Assignment
Write out every entry once more, character for character.

Provided information
--- START ---
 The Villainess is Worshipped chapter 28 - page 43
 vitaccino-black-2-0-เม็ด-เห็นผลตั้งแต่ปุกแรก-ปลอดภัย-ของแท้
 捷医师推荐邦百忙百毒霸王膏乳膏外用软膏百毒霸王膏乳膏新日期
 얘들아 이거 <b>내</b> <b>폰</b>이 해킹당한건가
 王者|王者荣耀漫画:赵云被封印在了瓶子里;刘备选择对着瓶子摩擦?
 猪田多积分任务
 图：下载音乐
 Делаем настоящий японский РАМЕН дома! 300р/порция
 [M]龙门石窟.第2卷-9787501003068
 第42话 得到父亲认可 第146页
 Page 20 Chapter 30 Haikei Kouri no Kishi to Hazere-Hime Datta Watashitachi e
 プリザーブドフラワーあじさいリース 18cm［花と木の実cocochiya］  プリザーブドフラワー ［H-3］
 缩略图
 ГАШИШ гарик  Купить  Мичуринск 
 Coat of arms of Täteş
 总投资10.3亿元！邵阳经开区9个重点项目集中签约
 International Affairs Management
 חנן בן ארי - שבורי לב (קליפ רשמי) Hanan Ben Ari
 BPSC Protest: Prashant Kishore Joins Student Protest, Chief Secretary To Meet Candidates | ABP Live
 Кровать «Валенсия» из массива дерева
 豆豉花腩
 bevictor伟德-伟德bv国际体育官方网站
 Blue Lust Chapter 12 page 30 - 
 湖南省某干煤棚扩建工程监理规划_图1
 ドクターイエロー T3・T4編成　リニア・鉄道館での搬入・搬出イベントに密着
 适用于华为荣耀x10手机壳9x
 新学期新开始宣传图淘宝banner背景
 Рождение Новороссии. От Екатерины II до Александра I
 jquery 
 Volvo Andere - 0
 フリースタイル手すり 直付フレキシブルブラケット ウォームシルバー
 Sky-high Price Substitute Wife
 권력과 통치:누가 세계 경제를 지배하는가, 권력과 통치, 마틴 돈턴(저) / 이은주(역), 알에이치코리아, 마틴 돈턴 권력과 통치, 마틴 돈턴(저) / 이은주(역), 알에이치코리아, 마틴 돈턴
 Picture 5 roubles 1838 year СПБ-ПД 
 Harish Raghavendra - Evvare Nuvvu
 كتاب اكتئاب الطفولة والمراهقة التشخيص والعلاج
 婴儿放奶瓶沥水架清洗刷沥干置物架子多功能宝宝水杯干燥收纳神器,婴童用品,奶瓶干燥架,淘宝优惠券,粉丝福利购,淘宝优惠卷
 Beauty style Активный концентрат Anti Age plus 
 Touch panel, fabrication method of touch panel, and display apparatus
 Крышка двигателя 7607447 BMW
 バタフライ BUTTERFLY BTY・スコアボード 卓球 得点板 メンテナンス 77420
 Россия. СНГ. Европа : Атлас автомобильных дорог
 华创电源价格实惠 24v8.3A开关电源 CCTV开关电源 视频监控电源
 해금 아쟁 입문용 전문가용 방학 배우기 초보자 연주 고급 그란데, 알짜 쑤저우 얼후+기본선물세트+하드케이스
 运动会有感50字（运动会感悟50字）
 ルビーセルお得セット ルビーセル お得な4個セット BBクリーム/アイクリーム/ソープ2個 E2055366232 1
--- END ---
Response to this task
 The Villainess is Worshipped chapter 28 - page 43
 vitaccino-black-2-0-เม็ด-เห็นผลตั้งแต่ปุกแรก-ปลอดภัย-ของแท้
 捷医师推荐邦百忙百毒霸王膏乳膏外用软膏百毒霸王膏乳膏新日期
 얘들아 이거 <b>내</b> <b>폰</b>이 해킹당한건가
 王者|王者荣耀漫画:赵云被封印在了瓶子里;刘备选择对着瓶子摩擦?
 猪田多积分任务
 图：下载音乐
 Делаем настоящий японский РАМЕН дома! 300р/порция
 [M]龙门石窟.第2卷-9787501003068
 第42话 得到父亲认可 第146页
 Page 20 Chapter 30 Haikei Kouri no Kishi to Hazere-Hime Datta Watashitachi e
 プリザーブドフラワーあじさいリース 18cm［花と木の実cocochiya］  プリザーブドフラワー ［H-3］
 缩略图
 ГАШИШ гарик  Купить  Мичуринск 
 Coat of arms of Täteş
 总投资10.3亿元！邵阳经开区9个重点项目集中签约
 International Affairs Management
 חנן בן ארי - שבורי לב (קליפ רשמי) Hanan Ben Ari
 BPSC Protest: Prashant Kishore Joins Student Protest, Chief Secretary To Meet Candidates | ABP Live
 Кровать «Валенсия» из массива дерева
 豆豉花腩
 bevictor伟德-伟德bv国际体育官方网站
 Blue Lust Chapter 12 page 30 - 
 湖南省某干煤棚扩建工程监理规划_图1
 ドクターイエロー T3・T4編成　リニア・鉄道館での搬入・搬出イベントに密着
 适用于华为荣耀x10手机壳9x
 新学期新开始宣传图淘宝banner背景
 Рождение Новороссии. От Екатерины II до Александра I
 jquery 
 Volvo Andere - 0
 フリースタイル手すり 直付フレキシブルブラケット ウォームシルバー
 Sky-high Price Substitute Wife
 권력과 통치:누가 세계 경제를 지배하는가, 권력과 통치, 마틴 돈턴(저) / 이은주(역), 알에이치코리아, 마틴 돈턴 권력과 통치, 마틴 돈턴(저) / 이은주(역), 알에이치코리아, 마틴 돈턴
 Picture 5 roubles 1838 year СПБ-ПД 
 Harish Raghavendra - Evvare Nuvvu
 كتاب اكتئاب الطفولة والمراهقة التشخيص والعلاج
 婴儿放奶瓶沥水架清洗刷沥干置物架子多功能宝宝水杯干燥收纳神器,婴童用品,奶瓶干燥架,淘宝优惠券,粉丝福利购,淘宝优惠卷
 Beauty style Активный концентрат Anti Age plus 
 Touch panel, fabrication method of touch panel, and display apparatus
 Крышка двигателя 7607447 BMW
 バタフライ BUTTERFLY BTY・スコアボード 卓球 得点板 メンテナンス 77420
 Россия. СНГ. Европа : Атлас автомобильных дорог
 华创电源价格实惠 24v8.3A开关电源 CCTV开关电源 视频监控电源
 해금 아쟁 입문용 전문가용 방학 배우기 초보자 연주 고급 그란데, 알짜 쑤저우 얼후+기본선물세트+하드케이스
 运动会有感50字（运动会感悟50字）
 ルビーセルお得セット ルビーセル お得な4個セット BBクリーム/アイクリーム/ソープ2個 E2055366232 1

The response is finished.